Meist spielten unterschiedliche Dimensionen eine Rolle, etwa Bildungsprobleme, soziale Konflikte, Diskriminierungserfahrungen, die Beziehungen zwischen Schü­le­r*in­nen und Lehrkräften.“ All dies müsse bei der Konfliktbearbeitung einbezogen werden, „dafür brauchen Päd­ago­g*in­nen allerdings mehr Zeit und gute Unterstützung“, sagt Albers.

„Sicht von Schü­le­r*in­nen fehlt“

Aliyeh Yegane Arani, Leiterin der Anlaufstelle für Diskriminierungsschutz an Schulen (ADAS), kritisiert, schon die Befragung von Devi sei einseitig: Devi habe allein Schulleitungen und pädagogisches Personal interviewt. „Die Sicht von Schü­le­r*in­nen und Eltern kommt nicht vor“, sagt sie. Ebenso offen bliebe die Frage, woher das Phänomen des „religiösen Mobbings“ an Schulen komme und was dagegen zu tun sei.

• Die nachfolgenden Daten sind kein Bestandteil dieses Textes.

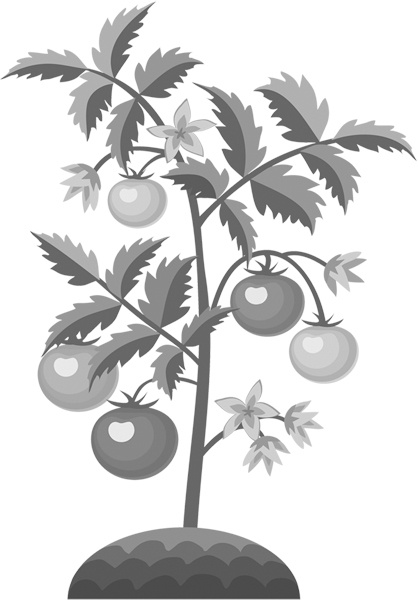 Иллюстрация к книге — Теплицы без ошибок. С чего начать и как эффективно использовать [i_010.jpg]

Doch auch aus den Statements der Schulen selbst gehe bereits hervor, „dass die Problemlagen multifaktoriell sind: Es geht viel um soziale Problemlagen in den Familien“. Dennoch würden in der Auswertung von Devi all diese Probleme hauptursächlich auf die Eltern und ihre Herkunftsmilieus geschoben. „Dieser defizitorientierte Ansatz, bei dem alles mit dem Einfluss einer vermeintlich problematischen Herkunft und der Religion der Kinder begründet wird, ist nicht nur sozialwissenschaftlich nicht haltbar sondern auch pädagogisch nicht sinnvoll“, sagte Arani der taz.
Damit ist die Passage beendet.